Polish Prime Minister Donald Tusk survives confidence vote

Polish PM survives confidence vote
Brussels, June 26: Polish Prime Minister Donald Tusk on Wednesday survived a parliamentary vote of confidence following a leaked tapes scandal, the media reported.

Tusk's two-party governing coalition won backing from 237 MPs, with 203 against. The required majority was 231 votes, Xinhua reported citing the local media.

Secret recordings of senior officials published by news magazine Wprost have plunged Poland into a political storm, which prompted Tusk calling the vote earlier in the day.

Earlier Tusk told MPs that Poland's interests could be jeopardised by the leaked tapes scandal, in which several government ministers' private, and sometimes compromising, conversations were illegally recorded and the tapes released to the Polish weekly.

"I have a simple plan that will largely depend on the house.
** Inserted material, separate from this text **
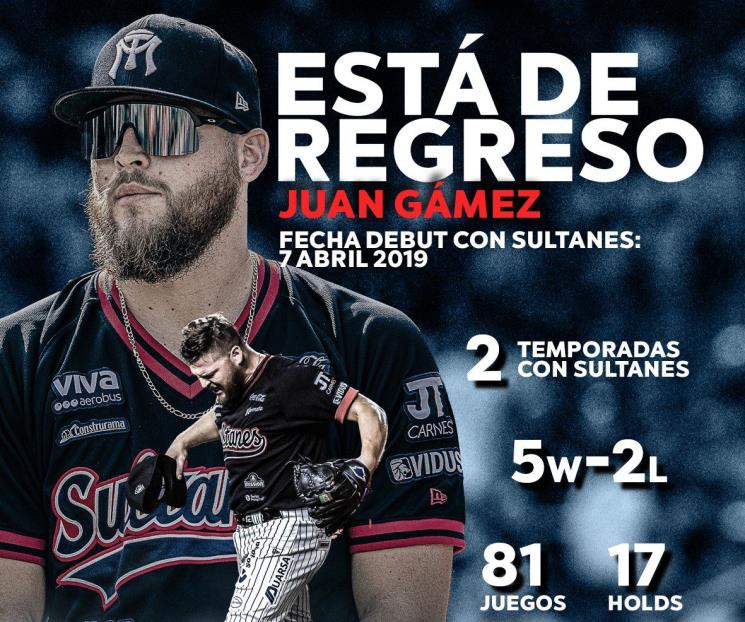 Se refuerzan los Sultanes con Juan Gámez Se refuerzan los Sultanes con Juan Gámez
We need certainty beyond Poland's borders that the Polish state is running smoothly and coping well also with this unusual, serious crisis; that on the eve of negotiations in Brussels, the Polish government has a mandate stemming from the elections and from a parliamentary majority," Tusk told MPs.

The prime minister pointed out that one effect of the leaked tapes scandal was the Polish government's diminished ability to influence how top European Union positions are filled. He added that the government would fight at the EU summit for specific regulations concerning an energy union.
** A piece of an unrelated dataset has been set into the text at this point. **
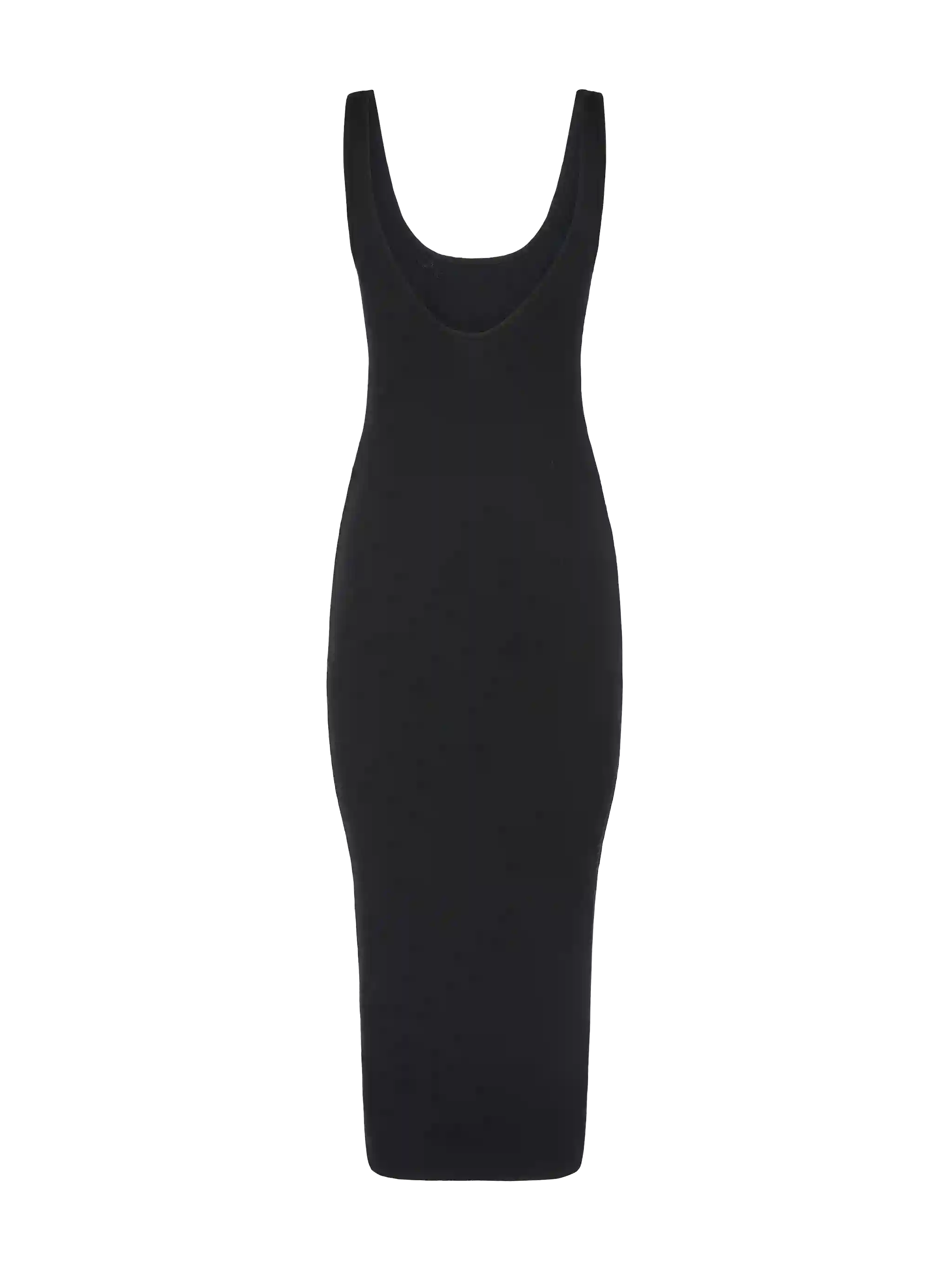 Jennifer ribbed black cotton jersey tank dress - Image 5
"There can be no room for guesswork (as to whether) there is a government in Poland or whether it will fall at any minute," he said regarding the vote of confidence.

The prime minister began his Sejm presentation of the leaked tapes scandal with an apology for "appalling, sometimes scandalous behaviour, language, inappropriate words" in the illegally recorded conversations of high officials, including ministers.

In the middle of June Wprost published illegal recordings of private conversations between Interior Minister Bartlomiej Sienkiewicz, and the President of the National Bank of Poland Marek Belka as well as between Andrzej Parafianowicz, former finance ministry official, and former minister of transport Slawomir Nowak.

On Monday a recorded conversation between Minister of Foreign Affairs Radoslaw Sikorski and former finance minister Jacek Rostowski, and another one between government Spokesperson Pawel Gras, Treasury Minister Wlodzimierz Karpinski, Deputy Treasury Minister Zdzislaw Gawlik and PKN Orlen President Jacek Krawiec were published by Wprost.